Whether Quigg's strategy will work in the long run remains to be seen. The mill runs on a tight budget; its Harbor 100 recycled paper represents a mere 2 percent of sales. Two years ago, the city of Seattle contracted to buy Harbor 100 for office use. With a few more contracts like that, Quigg says, he can afford to make his plant even more environmentally sound and eventually build a recycled pulp mill to "close the loop." In the meantime, he says he'll keep taking advantage of the area's unique resources. We don't know how to stop the trees from growing here," he says. "We live in the best biomass area in the continental U.S."
Grays Harbor is a case study of how investment in renewable energy can bring rural areas back from the doldrums, explains Rep. Jay Inslee, a Washington state Democrat and clean-energy advocate. "I love small towns, and I don't like to see them shriveling up," he says. "Grays Harbor is just one of hundreds of towns that are experiencing this rebirth."
Among the other down-and-out locales banking on alternative energy:
langdon, north dakota: After watching its population blow away with its legendarily fierce winds, the town's leaders got an idea. Last December, it became home to a $300 million, 106-turbine wind farm that produces enough energy to power as many as 40,000 homes.

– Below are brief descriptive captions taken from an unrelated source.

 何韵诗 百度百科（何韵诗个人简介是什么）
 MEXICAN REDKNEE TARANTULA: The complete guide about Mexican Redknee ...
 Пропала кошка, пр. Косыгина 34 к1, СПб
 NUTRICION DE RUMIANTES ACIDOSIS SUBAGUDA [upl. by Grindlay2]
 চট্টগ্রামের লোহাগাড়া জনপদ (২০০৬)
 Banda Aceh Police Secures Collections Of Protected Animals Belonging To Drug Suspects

reynolds, indiana: Already known as "BioTown, USA," Reynolds is trying to go completely off the grid by tapping into a local resource: cow and hog manure. The town is about to break ground on an anaerobic digester, which will turn methane gas from animal waste into electricity.
clinton county, iowa: A refinery near the Mississippi pumps out 10 million gallons of biodiesel a year and supports 13 full-time jobs. The nearly two-year-old plant used soybeans until prices tripled; it now makes fuel from animal fats.

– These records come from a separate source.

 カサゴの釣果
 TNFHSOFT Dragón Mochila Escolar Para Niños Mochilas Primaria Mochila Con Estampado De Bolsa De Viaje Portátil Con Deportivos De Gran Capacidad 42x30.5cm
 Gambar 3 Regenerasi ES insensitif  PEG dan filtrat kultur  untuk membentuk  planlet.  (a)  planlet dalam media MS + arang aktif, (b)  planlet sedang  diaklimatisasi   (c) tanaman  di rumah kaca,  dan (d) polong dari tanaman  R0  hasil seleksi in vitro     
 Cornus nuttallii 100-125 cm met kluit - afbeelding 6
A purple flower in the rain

benson, minnesota: This old railroad town has an ethanol plant and a biomass power plant that burns turkey manure, or as the locals call it, "poultry litter." The plant burns 500,000 tons of the stuff a year, producing 55 megawatts of power and providing 100 new jobs.
Photo: Kanty Quigg/Daily World



i weren't born yesterday; if god wanted us to eat wood he wudda made us all beavers!
This is a very nice article but the "green movement" goes deeper than that here in Grays Harbor. We also have the nations largest bio diesel plant with Imperium Grays Harbor at a capacity of 100 Million gallons a year and we have an up and coming company, Paneltech International, that produces PaperStone, an environmentally friendly countertop made from recycled paper and natural phenolic resin. People here are becoming more aware of the different ways to recycle, reuse, and make general lifestyle changes that will help us all in the long run. We also have a good economic boon in the makings with the possible sale and re-startup of the old pulp mill and the possible location choice of the 510 bridge pontoon project. Things are definitely looking up for the harbor and it is "the" place to be! Although I must say that Grays Harbor is indeed a county not a city! I would invite all of our "out of town" politicians to spend a little time getting to know us and our beautiful area.
They make a nice solid product. You can see little speckles in the paper and every so often (I consider them funny prizes) something that looks like a hair. It lets you know the paper is the real deal. The Boise stuff looks perfect and it wouldn't surprise me if it wasn't actually recycled at all.